Methods: Databases (Medline, Embase, Web of Science and CENTRAL) and ClinicalTrials.gov were systematically searched for randomized controlled trials (RCTs) of anti-interleukin-1 therapeutics from inception to August 31, 2022. The outcomes were the mean change in pain and function scores and the risk of adverse effects (AEs).

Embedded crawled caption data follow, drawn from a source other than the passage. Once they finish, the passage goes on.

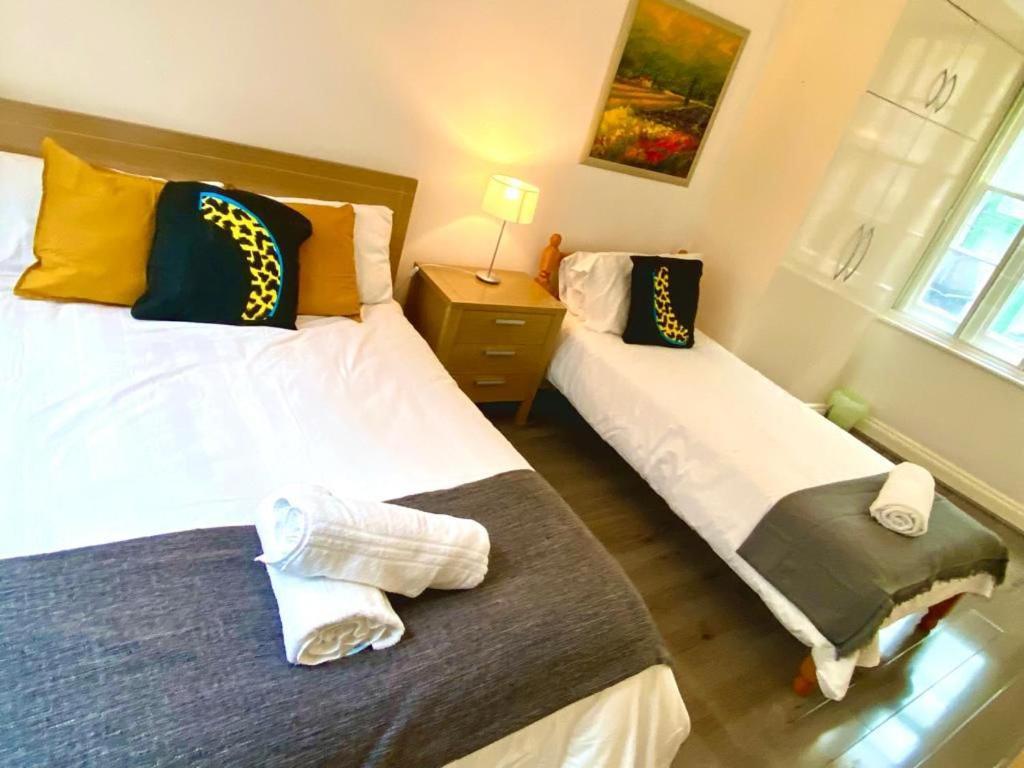 Shoreditch & Liverpool Street Room B Лондон Екстериор снимка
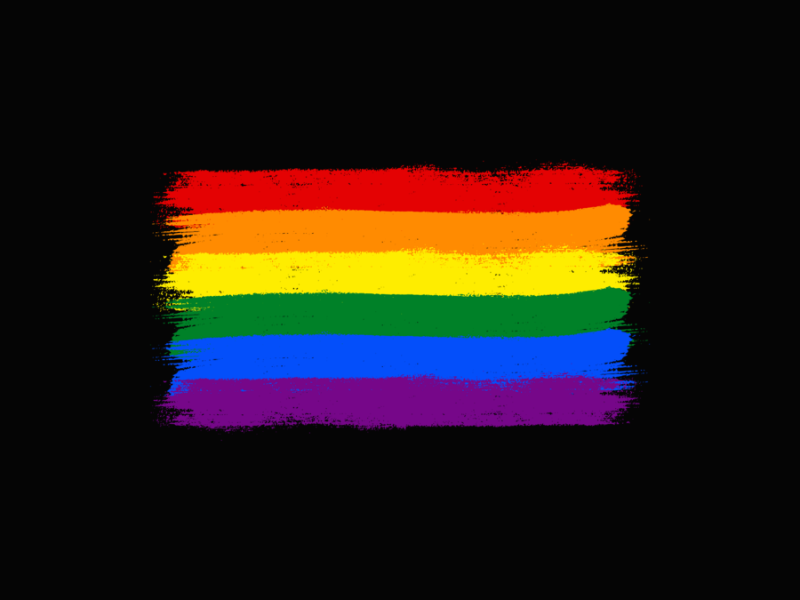 Pride 35 LGBT Gay Pride Flag Shirt Gay Pride 2022 Long Sleeve T Shirt 1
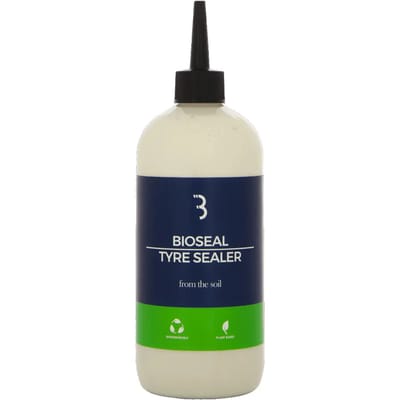BBB Cycling Tubeless Sealant BioSeal – Biologisch Afbreekbaar – Tyre Sealant – 500ml – BTI-181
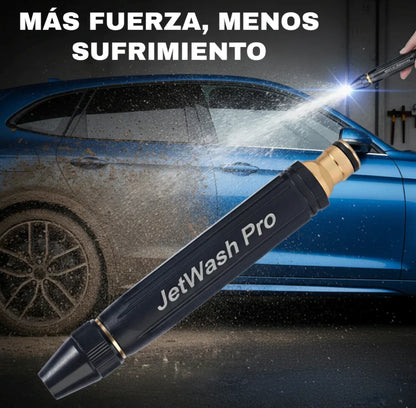 Hidrolavadora Portátil Inalámbrica - Imagen 2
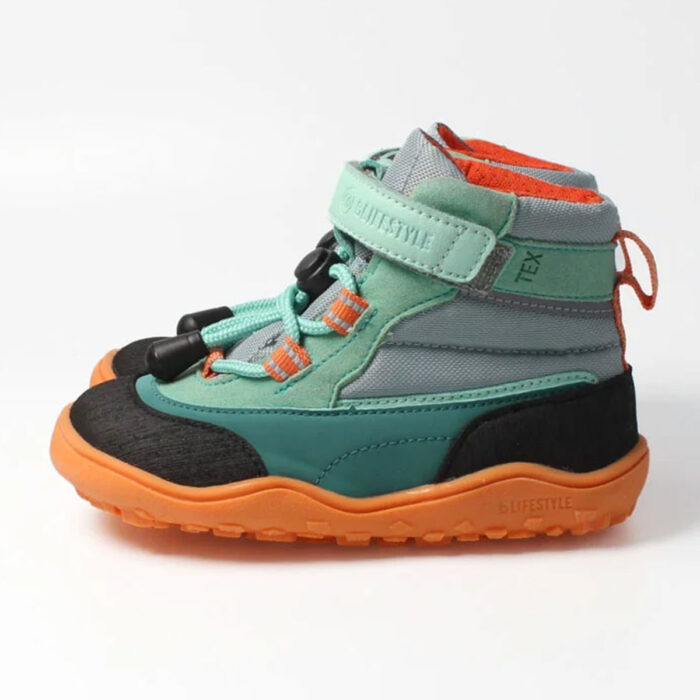VE15718S290 blifestyle landschildkroetenstyle tex petrol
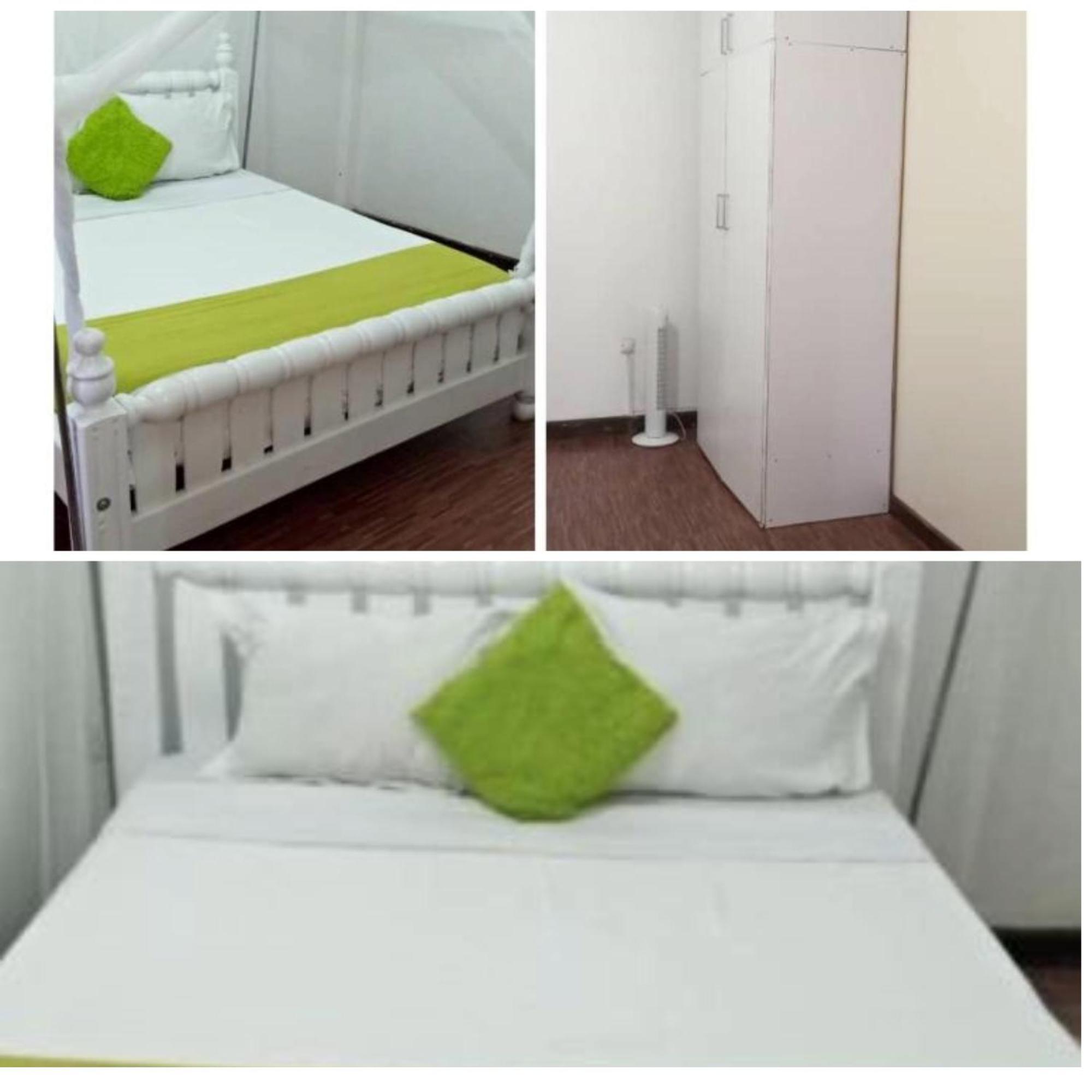 The Abode Apartments Lake View & Breakfast Suite Near Beach Entebbe Exteriör bild
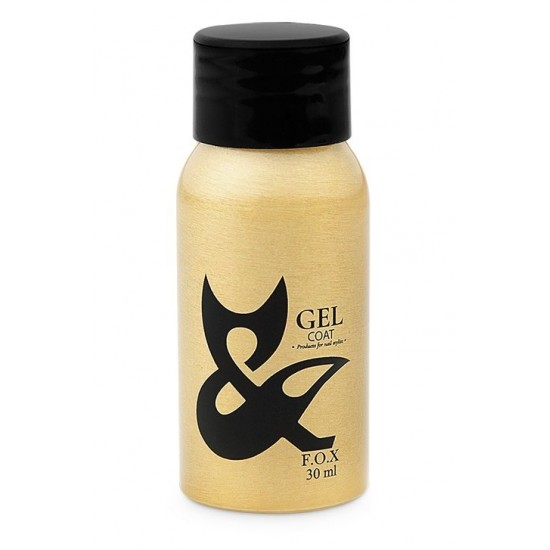 F.O.X Base Strong, 30 ml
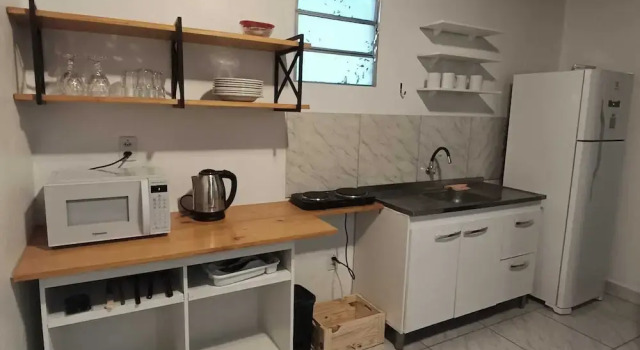 Апартаменты Comfort Residencial Ponta Norte -Ponta das Canas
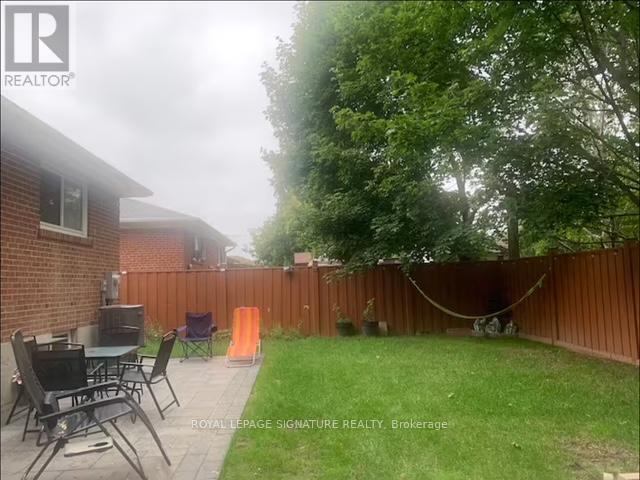 Bsmt 1 - 10 Sanford Crescent, Brampton, Ontario  L6X 2C3 - Photo 5 - W12639996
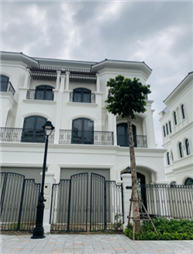 Cần cho thuê 2 căn Shophouse 5 tầng rộng rãi, diện tích 120m2 giá tốt!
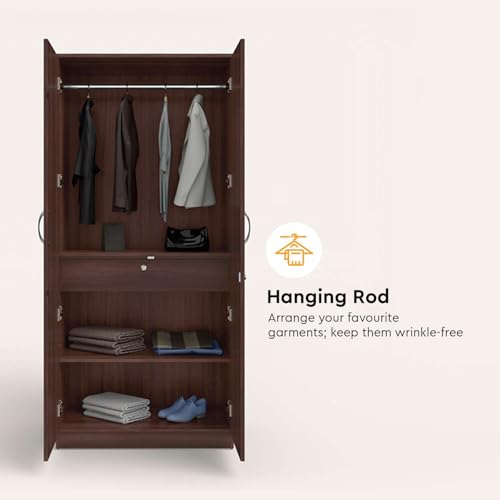 Interio by Godrej EWA 2-Door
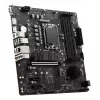 MSI PRO B760M-P DDR4 Motherboard Intel B760 LGA 1700 micro ATX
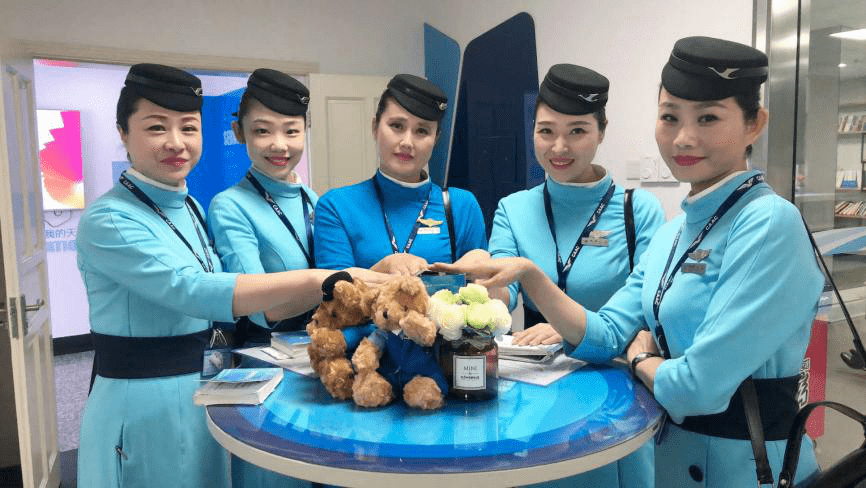 三十载芳华绽放,感恩一"鹭"有你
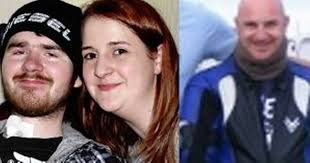 Widow's charity for fallen bikers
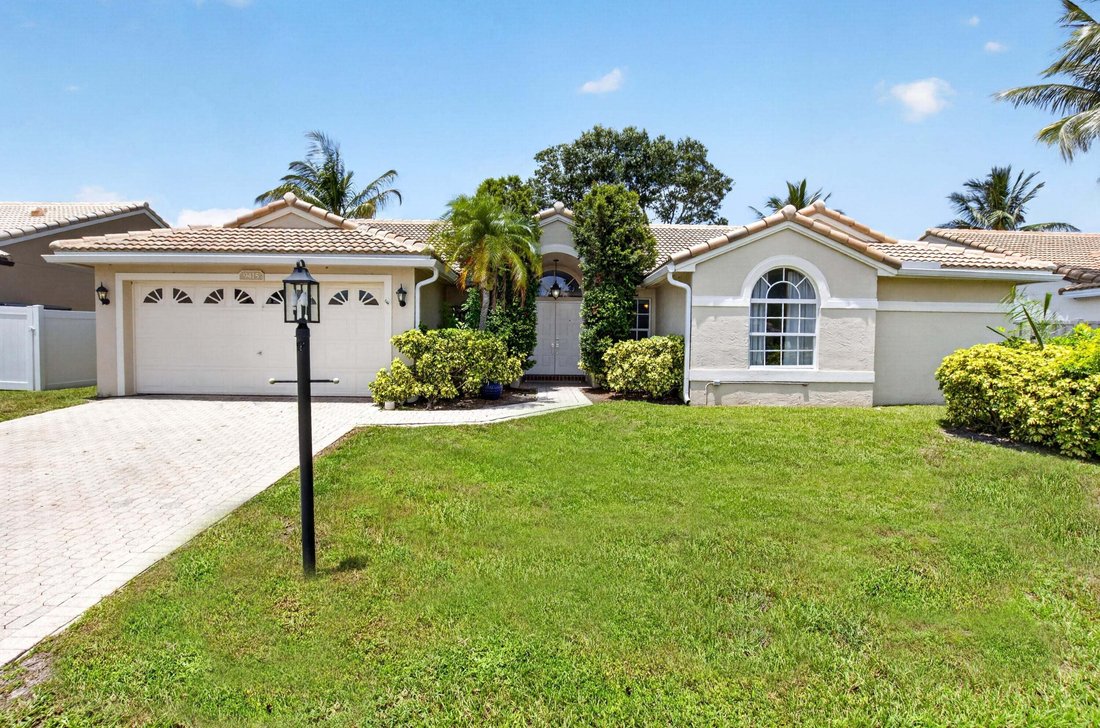 House in Boca Raton, Florida, United States 2 - 18542685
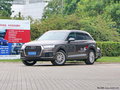 奥迪Q7最高优惠11.2万 竞争宝马X5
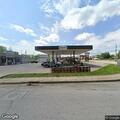 Traffic stop and vehicle search at Huck’s in Austin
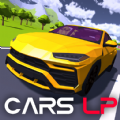 Cars LP Mod Apk 3.0.0 Unlimited Money Latest Version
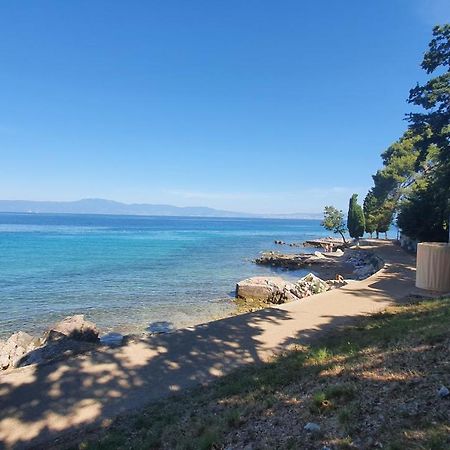 Divine View Apartma Нивице Экстерьер фото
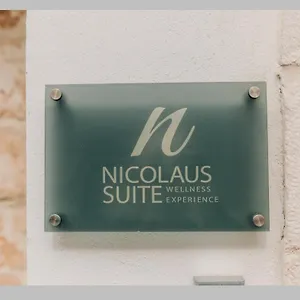  Casa vacanze Nicolaus Wellness Experience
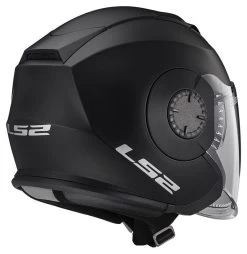 Richa OF570 Verso Motorhelm -Professionele Winkel Voor Motoruitrusting 018830 101 2 LS2 OF570 Verso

Results: In the 12 studies included, anti-interleukin-1 therapeutics were superior to placebo in terms of pain relief (standardized mean difference [SMD] =  - 0.38, 95% confidence interval [CI] =  - 1.82 to - 0.40, p < 0.001, I = 77%) and functional improvement (SMD =  - 1.11, 95% CI =  - 1.82 to - 0.40, p = 0.002, I = 96%). The incidence of any AE (risk ratio [RR] = 1.02, 95% CI = 0.88-1.18, p < 0.001, I2 = 76%) was higher following treatment with anti-interleukin-1 therapeutics than placebo, while no significant difference was found in the incidence of serious AEs (SAEs) or discontinuations due to AEs. Subgroup analyses showed that IL-1 antibodies and the IL-1 inhibitor provided pain relief (IL-1 antibodies: SMD =  - 0.61, 95% CI =  - 0.92 to - 0.31, p < 0.001; IL-1 inhibitor: SMD =  - 0.39, 95% CI =  - 0.72 to - 0.06, p = 0.02, I2 = 74.0%) and functional improvement (IL-1 antibodies: SMD =  - 1.75, 95% CI =  - 2.10 to - 1.40, p < 0.001; IL-1 inhibitor: SMD =  - 0.28, 95% CI =  - 0.83 to 0.27, p = 0.31, I = 88%) superior to those of placebo, whereas IL-1 Ras did not. However, the IL-1 inhibitor increased the incidence of any AE (RR = 1.35, 95% CI = 0.92-1.98, p < 0.001, I = 85%) but not the risk of SAEs or discontinuations due to AEs. IL-1 antibodies and IL-1 Ras showed no difference in safety compared with placebo.

Conclusions: Anti-interleukin-1 therapeutics could relieve OA-related pain and improve function, but is probably associated with an increased risk of adverse events. Specially, IL-1 antibodies and an IL-1 inhibitor could relieve OA-related pain and improve function, whereas IL-1 Ras could not. IL-1 antibodies and IL-1 Ras were relatively safe options, but IL-1 inhibitors were associated with safety concerns.